The NSW government is planning to introduce legislation that would force service station operators to disclose their price data in real time to a consumer price map guiding drivers to the cheapest bowser.
State innovation minister Victor Dominello has already proved he is prepared to change the law in order to compel organisations to share data with his department, having created the Data Analytics Centre last year with powers to demand data sets from fellow state agencies.
This morning the minister said he intended to make all 2000 NSW service stations keep the state government up to date with price movements, creating a data feed accurate to the last five or ten minutes.
“In the past the oil companies would have all the data but wouldn’t share it with the consumer. Now we are going to empower consumers by giving them the same information the marketplace has,” he told attendees at an AIIA innovation briefing.

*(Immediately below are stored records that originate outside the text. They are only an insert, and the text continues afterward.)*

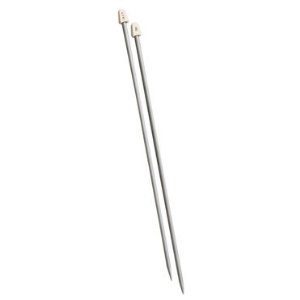 Inox 16 Inch Plastic Single Point Needles #10 (6 mm)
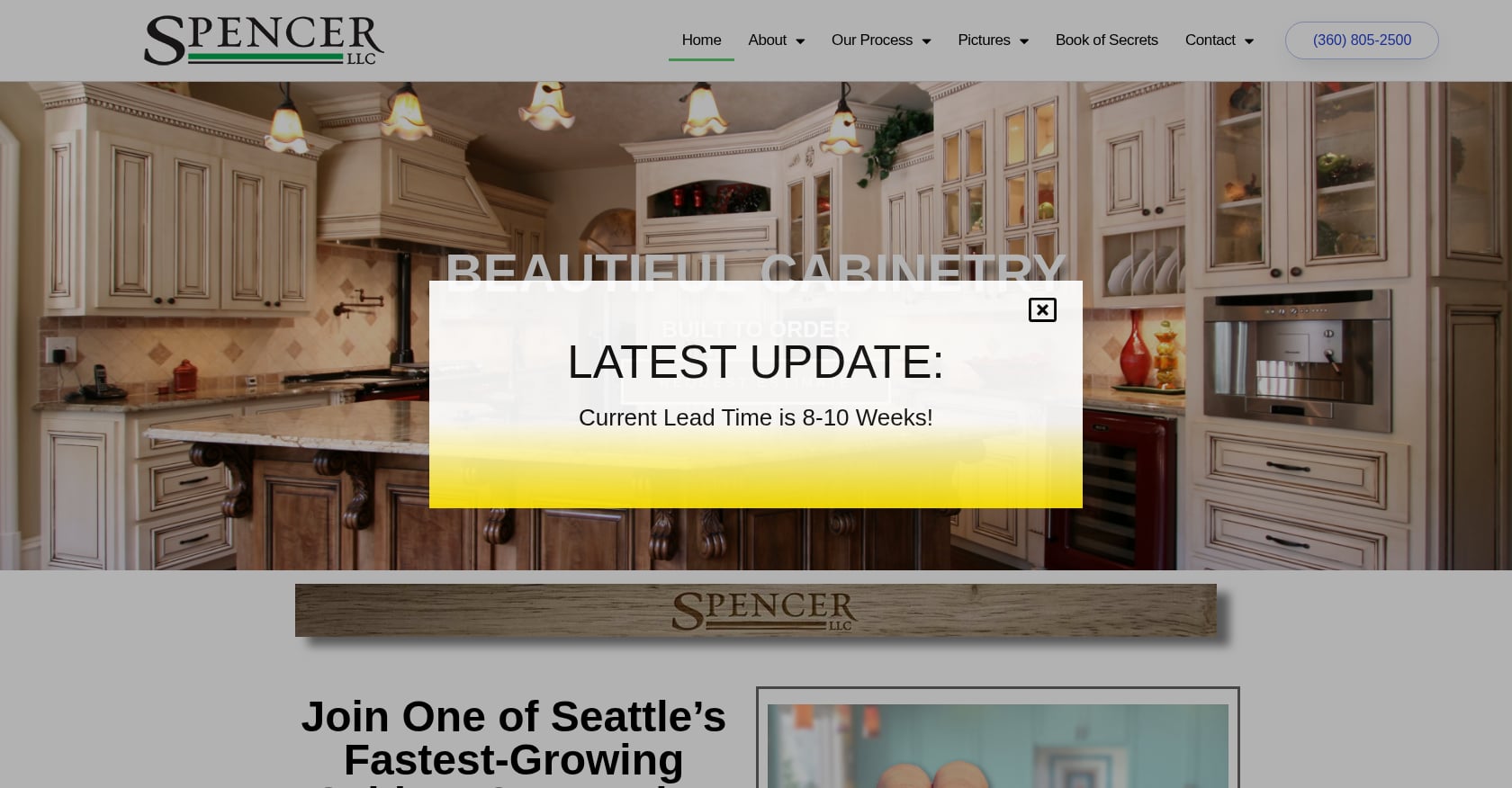 Spencer LLC Screenshot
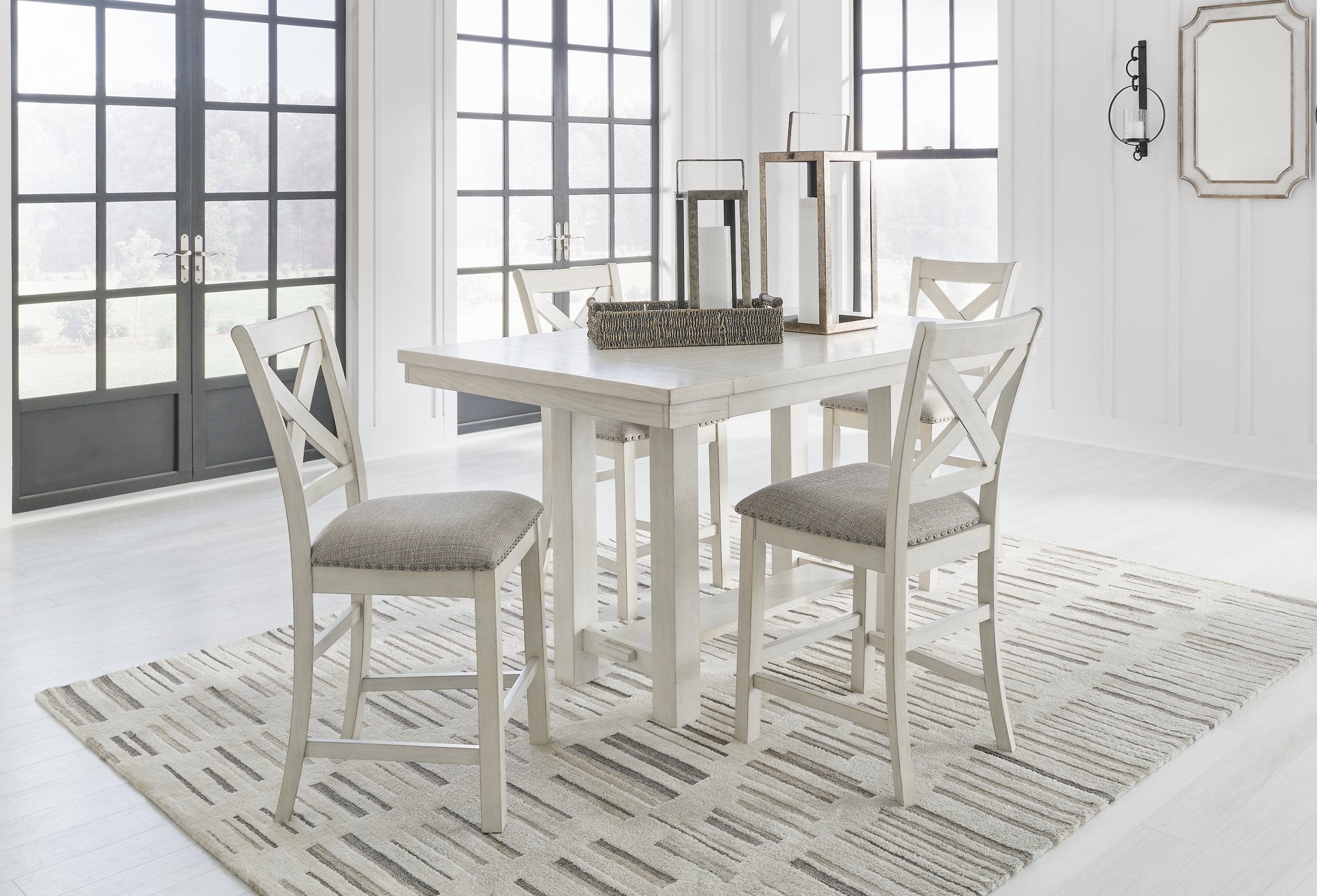 Robbinsdale Dining Package - Furniture 4 Less Outlet (Salinas,CA)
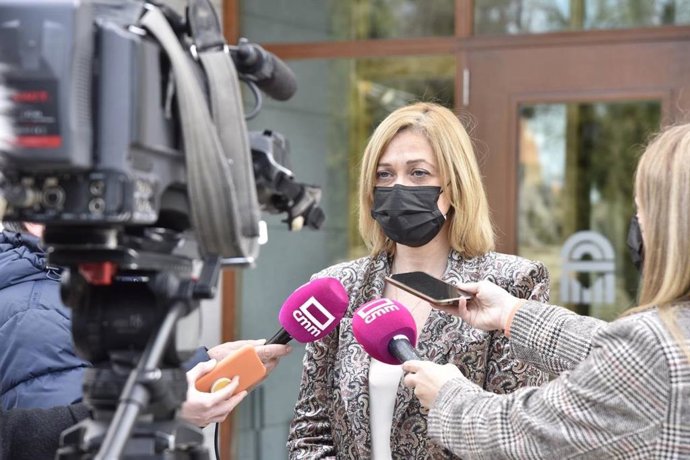La líder de Ciudadanos en Castilla-La Mancha, Carmen Picazo
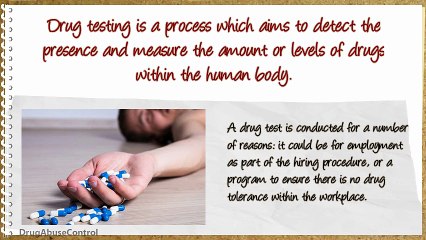Facts about Urine and Saliva Drug Test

“You’ll be able to open up the map and check where the cheapest price is between here and Parramatta and stop in there."
He said he expected the app, which is currently being designed, to become available mid-year as long as everything goes to plan with the passage of the enabling bill.
Combating false alarms
It will represent the first win for Dominello’s DAC, which is now setting its sights on rescuing the state’s fire brigade from a financially-crippling 97 percent false alarm rate in metropolitan Sydney.
Of the 48,000 callouts received by NSW Fire and Rescue in the city every year, only three percent represent actual fires, but all require two trucks filled with fully equipped firefighters to be sent to the scene.
The DAC has called in external consultants to create an algorithm that would let dispatch know which calls are most likely a false alarm, so potentially just one fire truck can be sent to investigate.
It has already given the analysts callout data, triple zero call data, weather data, records of surges on the electrical grid and dust levels that it has drawn out of its partner agencies in the NSW government.
“If there is more than one caller on a site there is a higher probability of it being a real fire,” Dominello said.
“But if there is a lightning strike again that is consistent with an electrical problem causing a false alarm."
Dominello said any reduction in the 97 percent “would be a major improvement” to fire and rescue’s operating balance sheet, potentially allowing money to be injected back into health, education and better emergency services.